What are the best practices for full text search with Omeka S?

dfox · June 14, 2018, 2:02am

Not much in the indexing job log:

2018-06-14T01:55:10+00:00 INFO (6): Start
2018-06-14T01:55:10+00:00 INFO (6): Index id: 1
2018-06-14T01:55:10+00:00 INFO (6): Indexing resource #2 (items)
2018-06-14T01:55:10+00:00 INFO (6): Indexing resource #3 (items)
2018-06-14T01:55:10+00:00 INFO (6): Indexing resource #4 (items)
2018-06-14T01:55:10+00:00 INFO (6): Indexing resource #5 (items)
2018-06-14T01:55:10+00:00 INFO (6): Indexing resource #6 (items)
2018-06-14T01:55:10+00:00 INFO (6): Indexing resource #7 (items)
2018-06-14T01:55:10+00:00 INFO (6): Indexing resource #8 (items)
2018-06-14T01:55:10+00:00 INFO (6): Indexing resource #9 (items)
2018-06-14T01:55:10+00:00 INFO (6): Indexing resource #10 (items)
2018-06-14T01:55:10+00:00 INFO (6): Indexing resource #11 (items)
2018-06-14T01:55:10+00:00 INFO (6): Indexing resource #12 (items)
2018-06-14T01:55:10+00:00 INFO (6): Indexing resource #13 (items)
2018-06-14T01:55:10+00:00 INFO (6): Indexing resource #14 (items)
2018-06-14T01:55:10+00:00 INFO (6): Indexing resource #15 (items)
2018-06-14T01:55:10+00:00 INFO (6): Indexing resource #16 (items)
2018-06-14T01:55:10+00:00 INFO (6): Indexing resource #17 (items)
2018-06-14T01:55:10+00:00 INFO (6): Indexing resource #18 (items)
2018-06-14T01:55:10+00:00 INFO (6): Indexing resource #19 (items)
2018-06-14T01:55:10+00:00 INFO (6): Indexing resource #20 (items)
2018-06-14T01:55:10+00:00 INFO (6): Indexing resource #48 (items)
2018-06-14T01:55:10+00:00 INFO (6): Commit
2018-06-14T01:55:10+00:00 INFO (6): Commit
2018-06-14T01:55:10+00:00 INFO (6): End

Nothing in the logs found on the Solr admin page either.

Hmmm.

dfox · June 14, 2018, 2:45am

I set up a new index just to confirm what I was seeing. I left the mappings and configuration in place as you see above.
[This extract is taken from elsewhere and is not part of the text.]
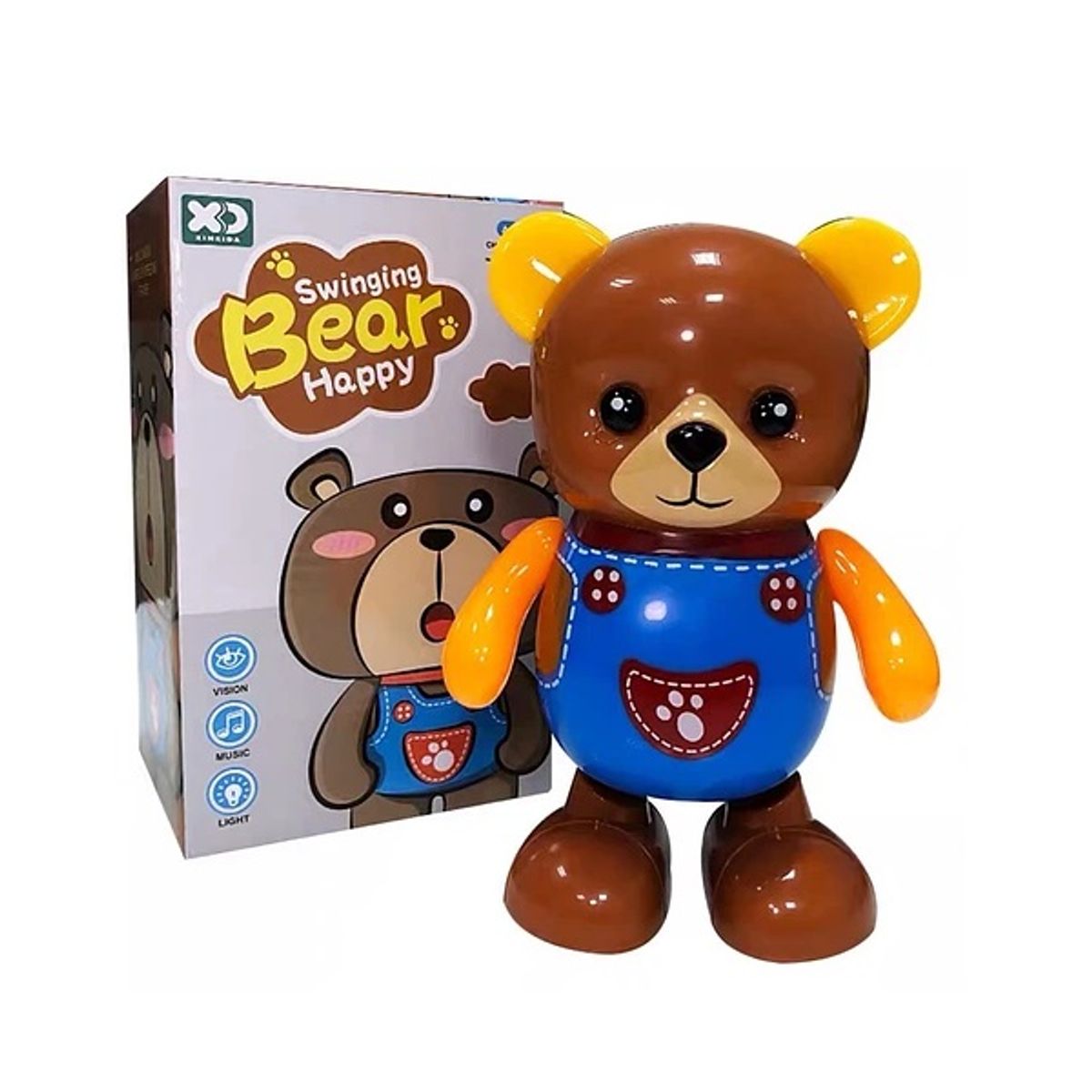 GENERICO - Muñeco Oso Bailarin Juguete Luces Sonido Movimiento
After running the indexing job I looked back at my Solr config to see the dynamic fields that were added. Everything appeared as before (dc_terms_s, is_public_b, etc.), except media_content_txt_en_split is not seen here.
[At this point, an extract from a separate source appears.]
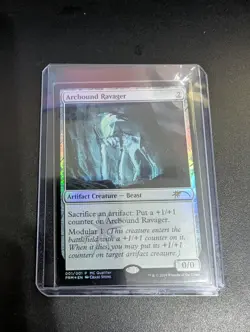 Arcbound Ravager WMCQ Promo Cards Foil mtg - Image 1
I added additional files both via the Sideload and the HTML formatter, but nothing seems to be making it into the Solr index. If there’s anything else I can check which might help debug this, let me know.

pols12 · June 14, 2018, 1:49pm

I believed I have found why text media are not indexed, but I still don’t understand why media ingested from HTML ingester are not indexed.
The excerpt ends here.